Read the listing below and copy out every line that holds "Sleek".

------ Listed records ------

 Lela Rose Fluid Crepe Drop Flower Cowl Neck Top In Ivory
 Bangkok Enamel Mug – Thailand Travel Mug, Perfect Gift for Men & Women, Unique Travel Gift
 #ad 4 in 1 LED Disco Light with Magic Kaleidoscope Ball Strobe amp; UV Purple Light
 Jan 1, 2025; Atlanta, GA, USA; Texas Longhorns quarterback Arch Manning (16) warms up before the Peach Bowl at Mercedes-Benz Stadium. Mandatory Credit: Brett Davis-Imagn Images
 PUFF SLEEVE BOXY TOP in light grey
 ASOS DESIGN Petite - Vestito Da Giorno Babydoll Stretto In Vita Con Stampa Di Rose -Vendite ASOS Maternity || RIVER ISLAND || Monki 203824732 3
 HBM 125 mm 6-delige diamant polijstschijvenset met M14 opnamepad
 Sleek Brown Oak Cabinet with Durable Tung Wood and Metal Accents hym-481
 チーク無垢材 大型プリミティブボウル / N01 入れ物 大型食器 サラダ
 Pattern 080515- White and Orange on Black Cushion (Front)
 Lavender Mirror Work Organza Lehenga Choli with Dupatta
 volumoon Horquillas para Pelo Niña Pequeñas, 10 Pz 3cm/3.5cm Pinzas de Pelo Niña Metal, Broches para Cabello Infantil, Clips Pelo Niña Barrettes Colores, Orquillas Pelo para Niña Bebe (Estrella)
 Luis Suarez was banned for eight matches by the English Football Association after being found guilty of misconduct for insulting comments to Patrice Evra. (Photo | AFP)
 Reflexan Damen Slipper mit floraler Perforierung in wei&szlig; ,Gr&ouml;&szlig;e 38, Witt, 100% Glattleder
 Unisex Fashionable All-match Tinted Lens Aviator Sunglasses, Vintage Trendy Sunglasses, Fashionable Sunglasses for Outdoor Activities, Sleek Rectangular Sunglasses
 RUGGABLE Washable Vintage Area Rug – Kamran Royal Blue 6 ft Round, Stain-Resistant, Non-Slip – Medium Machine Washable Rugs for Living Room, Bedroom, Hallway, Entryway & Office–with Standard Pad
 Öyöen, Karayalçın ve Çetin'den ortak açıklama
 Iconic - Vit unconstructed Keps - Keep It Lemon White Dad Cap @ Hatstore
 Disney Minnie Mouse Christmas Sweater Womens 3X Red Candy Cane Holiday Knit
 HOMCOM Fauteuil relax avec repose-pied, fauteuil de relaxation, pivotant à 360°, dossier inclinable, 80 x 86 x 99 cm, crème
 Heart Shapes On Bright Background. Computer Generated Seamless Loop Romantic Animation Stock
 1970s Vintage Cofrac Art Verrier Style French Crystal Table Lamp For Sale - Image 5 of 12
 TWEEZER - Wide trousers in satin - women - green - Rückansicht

------

◆ Exercise solution:
 Sleek Brown Oak Cabinet with Durable Tung Wood and Metal Accents hym-481
 Unisex Fashionable All-match Tinted Lens Aviator Sunglasses, Vintage Trendy Sunglasses, Fashionable Sunglasses for Outdoor Activities, Sleek Rectangular Sunglasses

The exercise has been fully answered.